The Mean and Median in a Skewed Distribution

A Probability and Statistics Post: An animation skewing a distribution

Dec 30, 2023

Measures of the central tendency of data are meant to try and describe the middle of the data with one number. The mean and median are two such measures. If the data is symmetric, then the mean and median are the same. What happens when the data is skewed? The mean is pulled in the direction of the skew. Figure 1 (R code at the bottom) shows how the mean is pulled as the data set becomes increasingly skewed right. Note that in Figure 1, the x-axis is cut off at 300.

If you enjoyed the animations and the article, please share.

Figure 1: The data starts off symmetric and is slowly being skewed to the right. Note that there is data past 300, as seen in Figure 2.

Figure 2 is the same graph, but the x-axis is allowed to stretch as needed. I think Figure 2 isn’t as nice to view as Figure 1. As a rule, if someone doesn’t report both the mean and the median, you should consider the reporting suspect. Here are two examples.

Figure 2: This is the same data as in Figure 1. In this animation, the x-axis is allowed to adjust as the data is increasingly skewed.

Example 1: Netflix data

Figure 3 is the Netflix data on hours viewed by show for the first half of 2023. I’ve used this data before (see Classroom Connections). Note the log scale on the x-axis. If you worked for Netflix and wanted to express the popularity of Netflix, you would report the mean. It would be accurate to say that the average show is viewed for 5,130,954 hours. It would also be highly misleading, as half of the shows are viewed for 700,000 or fewer hours, and 80% of the shows are below the mean.

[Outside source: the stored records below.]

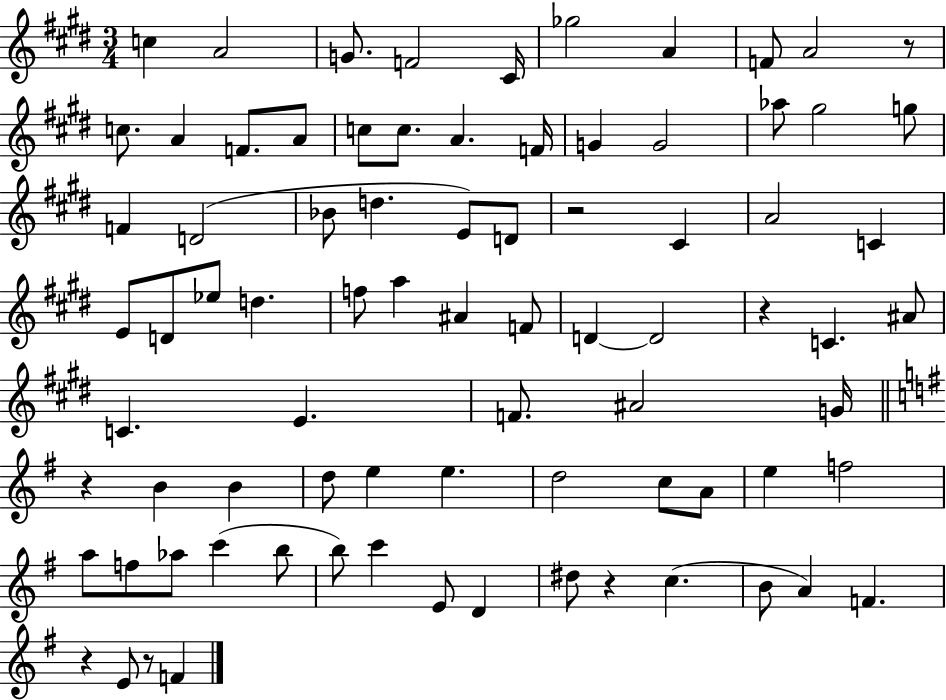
{
  \clef treble
  \numericTimeSignature
  \time 3/4
  \key e \major
  c''4 a'2 | g'8. f'2 cis'16 | ges''2 a'4 | f'8 a'2 r8 | \break c''8. a'4 f'8. a'8 | c''8 c''8. a'4. f'16 | g'4 g'2 | aes''8 gis''2 g''8 | \break f'4 d'2( | bes'8 d''4. e'8) d'8 | r2 cis'4 | a'2 c'4 | \break e'8 d'8 ees''8 d''4. | f''8 a''4 ais'4 f'8 | d'4~~ d'2 | r4 c'4. ais'8 | \break c'4. e'4. | f'8. ais'2 g'16 | \bar "||" \break \key e \minor r4 b'4 b'4 | d''8 e''4 e''4. | d''2 c''8 a'8 | e''4 f''2 | \break a''8 f''8 aes''8 c'''4( b''8 | b''8) c'''4 e'8 d'4 | dis''8 r4 c''4.( | b'8 a'4) f'4. | \break r4 e'8 r8 f'4 | \bar "|."
}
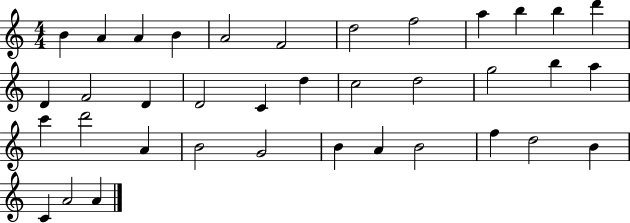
X:1
T:Untitled
M:4/4
L:1/4
K:C
B A A B A2 F2 d2 f2 a b b d' D F2 D D2 C d c2 d2 g2 b a c' d'2 A B2 G2 B A B2 f d2 B C A2 A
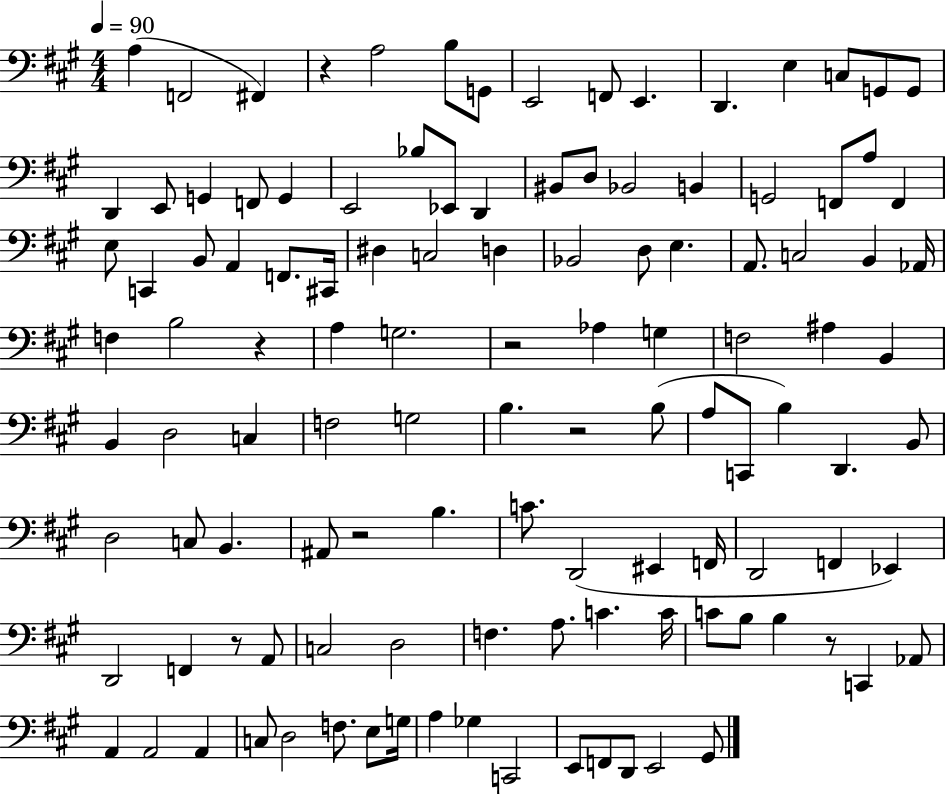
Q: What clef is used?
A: bass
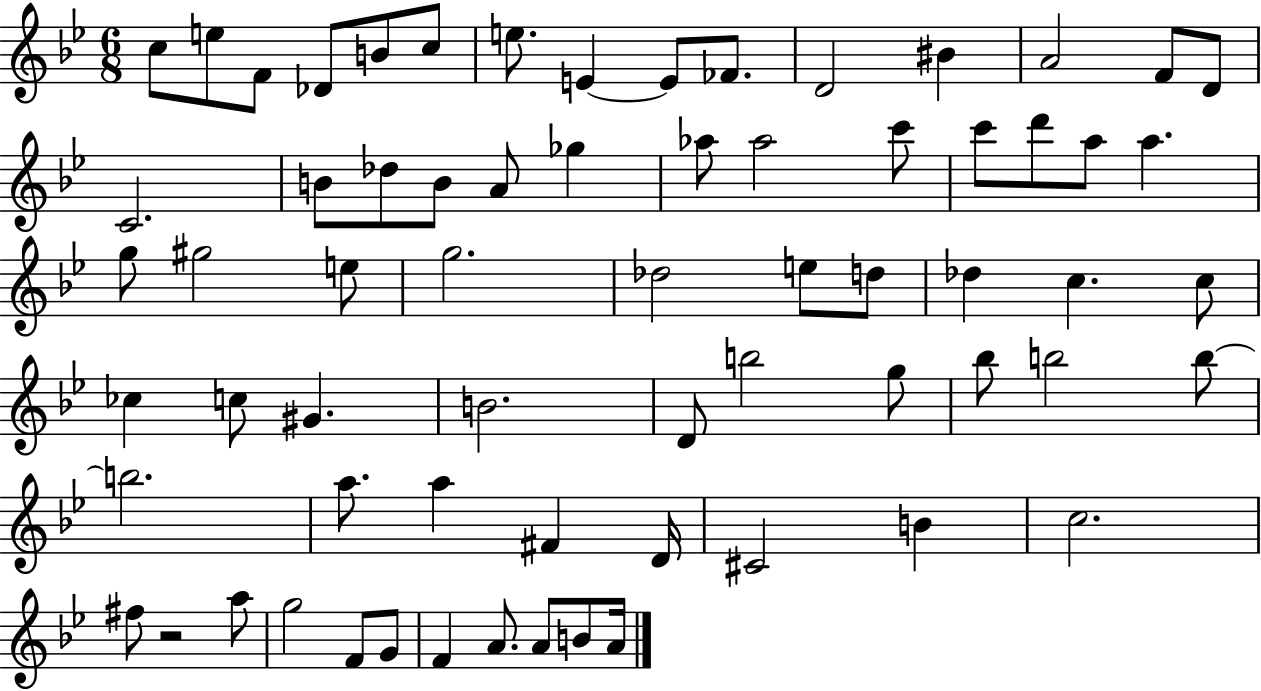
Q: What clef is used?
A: treble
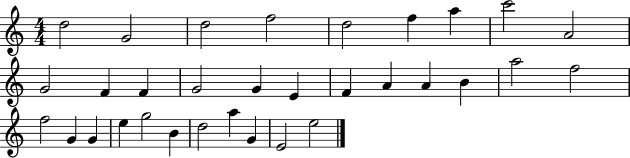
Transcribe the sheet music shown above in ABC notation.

X:1
T:Untitled
M:4/4
L:1/4
K:C
d2 G2 d2 f2 d2 f a c'2 A2 G2 F F G2 G E F A A B a2 f2 f2 G G e g2 B d2 a G E2 e2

Figure 3. Hours viewed for shows on Netflix in the first half of 2023. Data.

Example 2: Income

I used the IPUMS Community Survey data and randomly selected 1,000,000 rows of the data (I had some memory issues when trying to plot all of the data) to illustrate the skewness in income data. I then plotted earned income, as can be seen in Figure 4. Note that the IPUMS data is weighted; each row represents multiple people.

Figure 4. 1,000,000 randomly selected rows of earned income data from the IPUSM Community Survey. The data is weighted.

There is a big difference between the median earned income and the mean earned income. Looking at Figure 4, we don’t have a clear idea of how many people are in the higher-income brackets. To deal with this, we can log scale the y-axis (Figure 5), but be cautious because this can be deceiving.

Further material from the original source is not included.